Formation and characterization of an active phosphoenolpyruvate carboxykinase-cobalt(III) complex.

Avian mitochondrial phosphoenolpyruvate carboxykinase (PEPCK) was incubated with Co2+ and H2O2 to form a stable Co3+-PEPCK complex. PEPCK, similarly incubated with H2O2 and either Mg2+ or Mn2+, resulted in no significant loss in activity over 30 min. PEPCK, incubated with Co2+ and H2O2 at pH 7.4, showed rapid inhibition as observed by a 40% decrease in activity after 5 min. The loss of activity is linear with the incorporation of cobalt into PEPCK, resulting in 15-25% activity for the stoichiometric Co3+-PEPCK complex. The incorporation of and inhibition by Co3+ is protected by PEP and GTP (ITP). Treatment of the Co3+-PEPCK complex with beta-mercaptoethanol results in a loss of cobalt and full recovery of activity. The reduction and reactivation are protected by PEP and GTP (ITP).
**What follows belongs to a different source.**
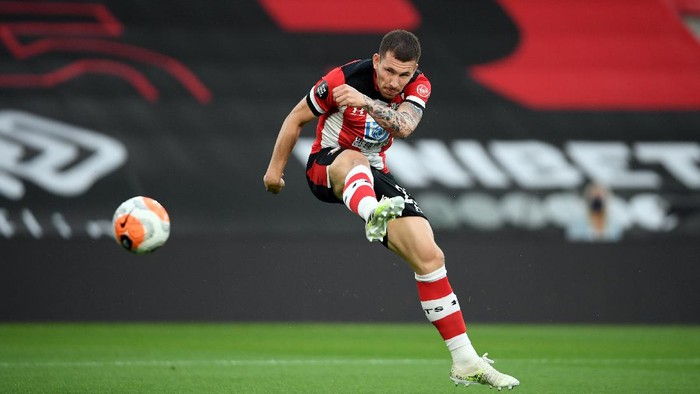 SOUTHAMPTON, ENGLAND - JULY 16: Pierre-Emile Hojbjerg of Southampton shoots during the Premier League match between Southampton FC and Brighton & Hove Albion at St Marys Stadium on July 16, 2020 in Southampton, England. Football Stadiums around Europe remain empty due to the Coronavirus Pandemic as Government social distancing laws prohibit fans inside venues resulting in all fixtures being played behind closed doors. (Photo by Mike Hewitt/Getty Images)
EPR, PRR, circular dichroism, and fluorescence studies all indicate that Co3+ has been selectively incorporated into the cation site of PEPCK, resulting in a catalytically active enzyme-cation species. The substrates form Michaelis complexes with Co3+-PEPCK, and the catalytic reaction occurs as a second sphere complex as previously suggested [Lee & Nowak (1984) Biochemistry 23, 6506); Duffy & Nowak (1985) Biochemistry 24, 1152]. Proteolytic digestion of the Co3+-PEPCK complex and isolation of the cobalt-containing peptide by reverse phase HPLC were performed to identify the location of the cation binding site. From mass, amino acid composition, and sequence analyses of the isolated cobalt-peptide, the region Thr276-Lys301 is responsible for metal chelation. This very homologous region, located in the central portion of PEPCK, contains two highly conserved aspartic acids, Asp295 and Asp296, that are the only feasible metal binding ligands.